AFTER MY TRIP to Israel, I set my sights on how my life would evolve post–high school. I started to adopt what I considered to be sophisticated habits. I took to wearing a beret and walking down Haight Street carrying an antique cane or a single long-stemmed white rose symbolizing peace and spirituality. I started to patronize a café that had just opened in the Lower Haight called Ground Zero. The café hung large abstract paintings on its walls and attracted a clientele of pale college students in thrift-store trench coats clutching beat-up black portfolios. I liked that Dad didn’t go there and that no one I knew in San Francisco yet went there. I returned to Ground Zero every week, always ordering Earl Grey tea with milk (another “grown-up” discovery) and reading Tama Janowitz’s collection of short stories Slaves of New York, which fed my fantasies about the city.

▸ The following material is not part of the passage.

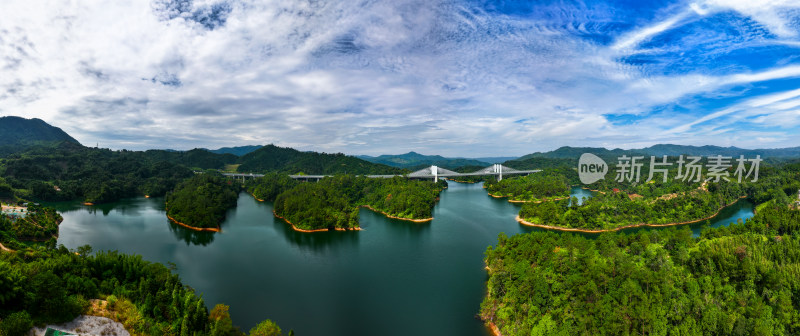 广州从化流溪河黄龙带水库高空航拍照片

I’d become infatuated with New York en route to Israel. Visiting the city for the first time, I took the subway from our midtown hotel to Astor Place in the East Village. I wandered along St. Marks Place and down Lafayette, eventually finding my way into Keith Haring’s Pop Shop. The t-shirt I bought there—Haring’s radiant baby in orange on a gray background—became a staple of my wardrobe. Keith Haring would later illustrate the famous Silence = Death poster for the AIDS Coalition to Unleash Power (ACT-UP) before dying of AIDS himself in 1990.
Back in San Francisco, with my nose deep in Slaves of New York, I dreamed of the life Janowitz depicted: making jewelry, loft living with an artist boyfriend, wearing a neon-green and orange coat, living a quirky creative life informed by the history of Andy Warhol and the Velvet Underground.
In my final year of high school, San Francisco felt provincial to me. Dad was plugged into the vibrant “Queercore” community, playing elder statesman at Klubstitute, Club Chaos, and Uranus, underground scenes he’d later describe in his Pynchonesque novel The Lizard Club. But I powerfully longed for my own life, apart from Dad and relieved of my past. I knew I wouldn’t find it in S
an Francisco. I couldn’t walk down Haight Street without running into a classmate, ex-coworker, ex-fling, or someone I knew through Dad. I felt an itch to grow and stretch, to walk unfamiliar streets in the great throbbing heart of bohemia, which I then believed to be New York City. Thanks to my “big sister,” Dede Donovan, I got there.
My father was pretty hands-off when it came to my school plans. He had a vague idea that I should attend college but was too busy with his own work to focus on the efforts needed to make that happen. Once Dede emerged as someone who would help me, he simply stood aside and let her do it. She wrote to several schools requesting applications. She tirelessly worked on these applications with me, redrafting essay after essay over pots of peppermint tea at For Heaven’s Cake. She secured recommendations for me from lawyer friends I’d met at her Christmas brunches. When I was accepted by New York University, I was thrilled. I didn’t consider going anywhere else. Dede even secured me a summer job working as a nanny for a pair of her college friends who lived in the city.
Dad was happy for me too, though sad that I’d be moving so far away.
BEFORE I LEFT San Francisco, we took a sauna together. I remember both of us naked except for thin white towels wrapped around my chest and his waist. We chatted a little, but it was too hot to chat more so we decided to play cards instead. Gin rummy was our game.